Doe v. United States

197 F. Supp. 3d 933, 2016 U.S. Dist. LEXIS 98678, 2016 WL 3919666
CourtDistrict Court, S.D. Texas
DecidedJune 30, 2016
DocketCivil Action No. H-15-02414
StatusPublished
Cited by5 cases

This text of 197 F. Supp. 3d 933 (Doe v. United States) is published on Counsel Stack Legal Research, covering District Court, S.D. Texas primary law. Counsel Stack provides free access to over 12 million legal documents including statutes, case law, regulations, and constitutions.

Bluebook
Doe v. United States, 197 F. Supp. 3d 933, 2016 U.S. Dist. LEXIS 98678, 2016 WL 3919666 (S.D. Tex. 2016).

Opinion

ORDER

DAVID HITTNER, United States District Judge

Pending before the Court is Defendant’s Motion to Dismiss (Document No. 9). Having considered the motion, submissions, and applicable law, the Court determines that the motion should be granted.

I. BACKGROUND

This case arises from a series of allegations made by prosecutors that allegedly identified and accused Plaintiff John Doe (“Doe”) in the criminal case United States v. Stanley.1 In Count Two of that case, [936]*936Albert J. Stanley (“Stanley”) pleaded guilty to conspiracy to commit mail and wire fraud under 18 U.S.C. § 371. Stanley was charged with a bribery scheme involving various international natural gas projects, a major natural gas contractor corporation and its successor corporation, and various consulting firms controlled by Stanley’s alleged co-conspirator (the “LNG Consultant”).

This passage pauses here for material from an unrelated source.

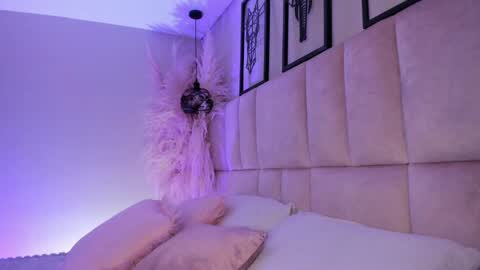  SARA  online show from September 2025 12:53:01 PM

In the Information filed August 29, 2008, the Government described the LNG Consultant as a dual citizen of the United States and Lebanon, who was an employee of an unnamed contractor corporation from about 1977 until 1988. In 1988, the LNG Consultant resigned and became a consultant to that contractor and its successor company.2 The Information accused the LNG Consultant and Stanley of engaging in a scheme where consulting firms the LNG Consultant controlled were paid lucrative fees to obtain natural gas contracts for the contractor corporations, and the consulting firms paid kickbacks to Stanley.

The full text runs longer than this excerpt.